Pierre-Philippe Thomire (1751 - 1843)
Pierre-Philippe Thomire est le plus important bronzier parisien du dernier quart du XVIIIe siècle et des premières décennies du siècle suivant. À ses débuts, il travaille pour Pierre Gouthière, ciseleur-fondeur du roi, puis collabore dès le milieu des années 1770 avec Louis Prieur. Il devient ensuite l’un des bronziers attitrés de la manufacture royale de Sèvres, travaillant au décor de bronze de la plupart des grandes créations du temps. Après la Révolution, il rachète le fonds de commerce de Martin-Eloi Lignereux et devient le plus grand pourvoyeur de bronzes d’ameublement pour les châteaux et palais impériaux.

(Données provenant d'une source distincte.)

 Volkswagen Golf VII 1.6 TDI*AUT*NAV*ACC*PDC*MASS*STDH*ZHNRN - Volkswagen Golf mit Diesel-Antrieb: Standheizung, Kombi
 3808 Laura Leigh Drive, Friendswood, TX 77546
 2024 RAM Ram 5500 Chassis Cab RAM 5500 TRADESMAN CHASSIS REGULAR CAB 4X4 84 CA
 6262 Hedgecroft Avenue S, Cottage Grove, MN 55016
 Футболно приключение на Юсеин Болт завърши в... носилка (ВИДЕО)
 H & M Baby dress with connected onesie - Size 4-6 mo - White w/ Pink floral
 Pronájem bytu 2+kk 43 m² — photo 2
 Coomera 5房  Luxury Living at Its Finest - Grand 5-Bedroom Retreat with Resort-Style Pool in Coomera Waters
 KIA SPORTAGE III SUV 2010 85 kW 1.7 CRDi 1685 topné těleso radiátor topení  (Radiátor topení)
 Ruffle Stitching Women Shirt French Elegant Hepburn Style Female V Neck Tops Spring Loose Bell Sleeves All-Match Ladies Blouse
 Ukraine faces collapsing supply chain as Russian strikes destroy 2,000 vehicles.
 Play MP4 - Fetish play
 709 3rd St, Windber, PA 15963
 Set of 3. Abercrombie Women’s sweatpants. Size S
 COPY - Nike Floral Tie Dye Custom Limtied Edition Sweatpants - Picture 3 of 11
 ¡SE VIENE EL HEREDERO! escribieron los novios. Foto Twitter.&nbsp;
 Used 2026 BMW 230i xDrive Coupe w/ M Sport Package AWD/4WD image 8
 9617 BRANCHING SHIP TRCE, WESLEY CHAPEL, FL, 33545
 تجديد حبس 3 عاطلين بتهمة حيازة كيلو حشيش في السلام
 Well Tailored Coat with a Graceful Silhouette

Parallèlement, il travaille pour une riche clientèle privée française et étrangère parmi laquelle figure notamment quelques maréchaux de Napoléon. Enfin, il se retire des affaires en 1823.
Martin-Éloi Lignereux (1751 - 1809)
Martin-Eloi Lignereux est l’un des plus importants marchand-merciers, comprenez marchands d’objets de luxe, du dernier quart du XVIIIe siècle et des premières années du siècle suivant. Le 1er avril 1787, il s’associe avec Dominique Daguerre, devenant le représentant parisien de la Maison Daguerre & Lignereux installée au 85, rue Saint-Honoré. En 1793, après le retrait des affaires de Daguerre, il continue brillamment l’activité de l’entreprise, conserve la clientèle de son prédécesseur et joue un rôle de premier plan dans le renouveau des arts décoratifs parisiens de l’époque. En 1801, il obtient une médaille d’or à l’Exposition des Produits de l’Industrie, l’on remarquait alors que « les meubles du Citoyen Lignereux ont paru remarquables par l’élégance et la richesse, par l’accord de toutes les parties, par le choix de formes appropriées à la destination de chaque chose, enfin par l’exactitude et le fini du travail intérieur et extérieur ». Quelques années auparavant, sa fille, Adélaïde-Anne, avait épousé François-Honoré-Georges Jacob, dit Jacob-Desmalter, célèbre menuisier-ébéniste de la capitale. En 1804, Lignereux se retire des affaires et vend son fonds de commerce au bronzier Pierre-Philippe Thomire. Au cours de son activité, Lignereux travaille pour les plus grands collectionneurs du temps parmi lesquels figuraient notamment le duc d’Aumont-Valentinois, la reine Marie-Antoinette, le comte d’Artois, frère de Louis XVI, le baron de Breteuil, le prince de Galles, futur roi George IV d’Angleterre, le Tsar Paul Ier de Russie et l’Empereur Napoléon.